Religious Non-Profits Win Injunction Against Contraceptive Coverage Mandate Opt-Out Rules

In a 91-page opinion in Roman Catholic Archdiocese of Atlanta v. Sebelius, (ND GA, March 26, 2014), a Georgia federal district court permanently enjoined the government from requiring Catholic Education of North Georgia and Atlanta Catholic Charities to execute and deliver a self-certification form to the third-party administrator of their health care plans.  Final Rules under the Affordable Care Act require the self-certification for objecting religious non-profits to opt out of the requirement to provide coverage for contraceptive services.

The court concluded that the Final Rules impose a substantial burden on plaintiffs' free exercise rights under RFRA:
... [T]he plain terms of the Final Rules show that the purpose and effect of the self-certification form is to enable the provision of contraceptive coverage. The self-certification form is an integral part of the Government’s contraceptive coverage scheme..... [I]t is a Government imposed device that pressures the Plaintiffs into facilitating the contraceptive coverage to which they have sincerely held religious objections.....
The Court’s conclusion does not change even if the Government had argued, as it did in other cases, that it has no ERISA authority to require a church plan to contract with a TPA to provide contraceptive coverage.... It is the fact of the requirement that is important, not whether the Government will or will not choose to enforce it....
The court also concluded that the government had not shown a compelling interest for imposing the substantial burden:
The Government claims that exempting CENGI and Catholic Charities from the contraceptive mandate would hinder its ability to effectively and uniformly administer the requirements of the ACA. That claim is discredited by the Government’s advocacy in other church plan cases in which it has argued that plaintiffs lack standing because self-certification will not necessarily result in the delivery of contraceptive products and services..... 

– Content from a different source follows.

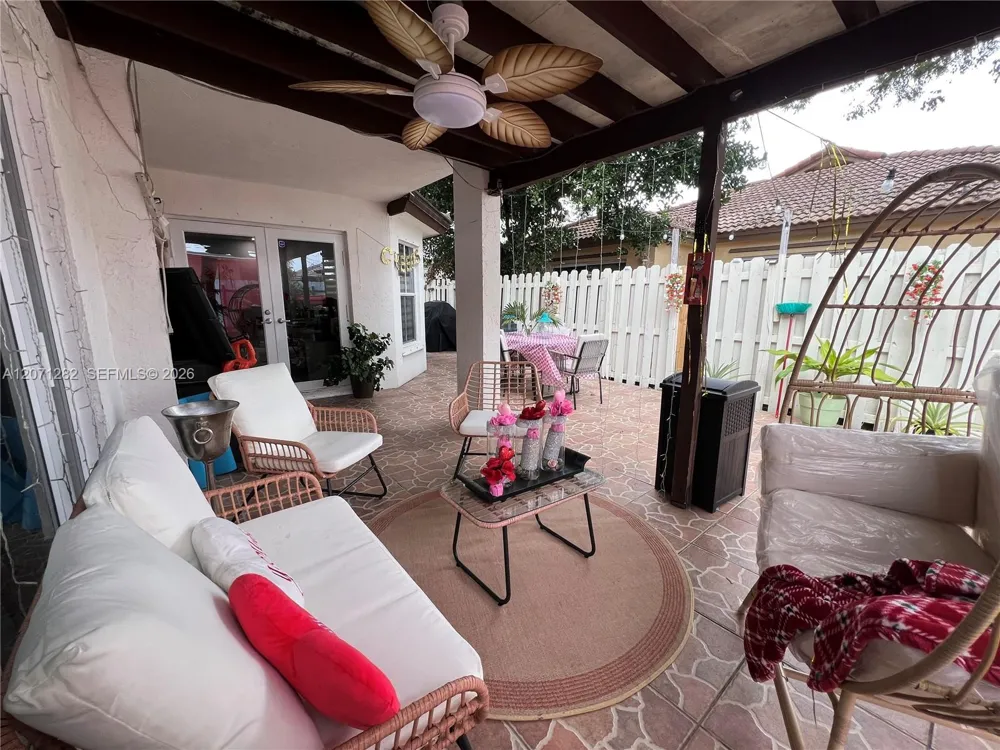 13249 NW 9 LN Miami, FL 33182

The Government’s interests in promoting public health and providing women with equal access to health care also cannot be compelling because the contraceptive mandate does not apply to the insurance plans of millions of women in this country.... Grandfathered health plans, small businesses and religious employers are all exempt from the contraceptive mandate....
Finally the court concluded that the provision barring non-profits from seeking to influence the third party administrator's decision to provide contraceptive services is a presumptively invalid, content-based restriction on speech. Daily Report covers the decision.